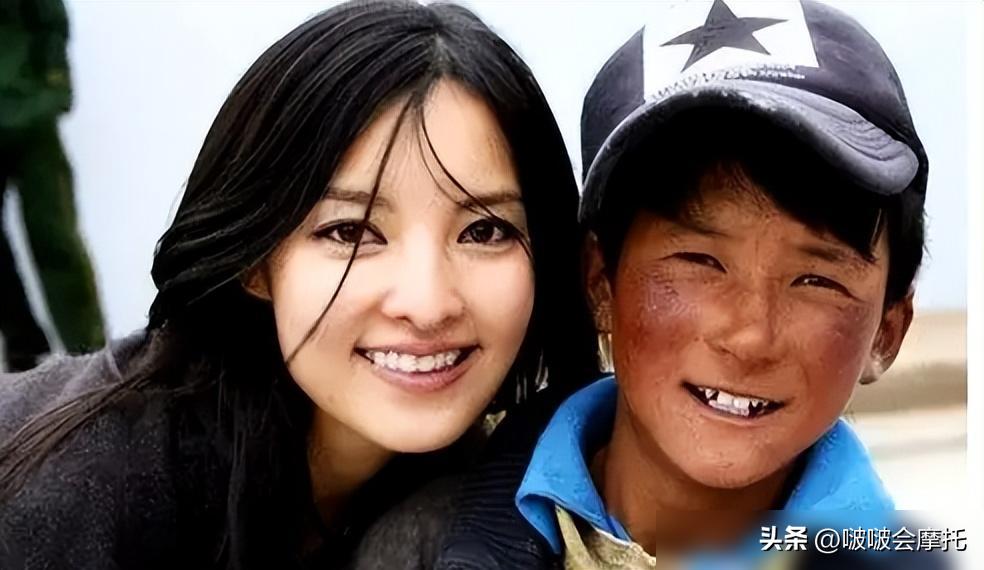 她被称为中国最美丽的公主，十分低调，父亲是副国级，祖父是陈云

···

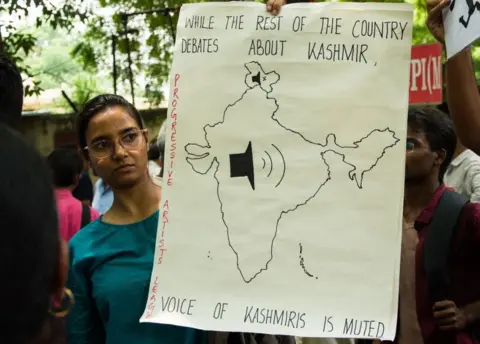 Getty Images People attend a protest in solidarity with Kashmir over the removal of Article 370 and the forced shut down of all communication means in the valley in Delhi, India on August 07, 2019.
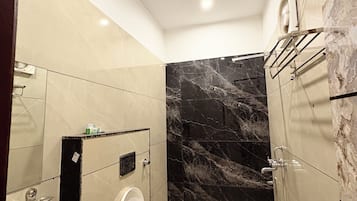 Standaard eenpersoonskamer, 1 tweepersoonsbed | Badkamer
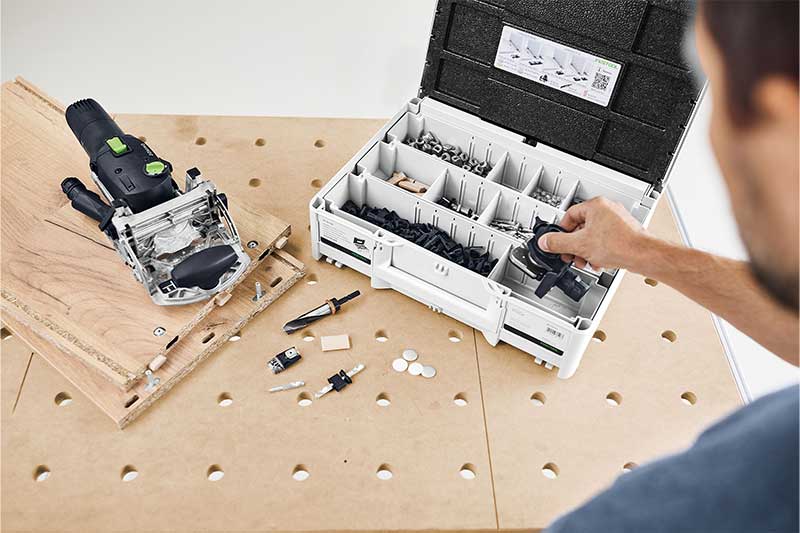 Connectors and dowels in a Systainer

···

To do: Among the entries above, copy exactly the stretch from the line holding "Getty Images People" through the line holding "Connectors and dowels in a Systainer", leaving out any pictures.

Solution to this problem:
 Getty Images People attend a protest in solidarity with Kashmir over the removal of Article 370 and the forced shut down of all communication means in the valley in Delhi, India on August 07, 2019.
 Standaard eenpersoonskamer, 1 tweepersoonsbed | Badkamer
 Connectors and dowels in a Systainer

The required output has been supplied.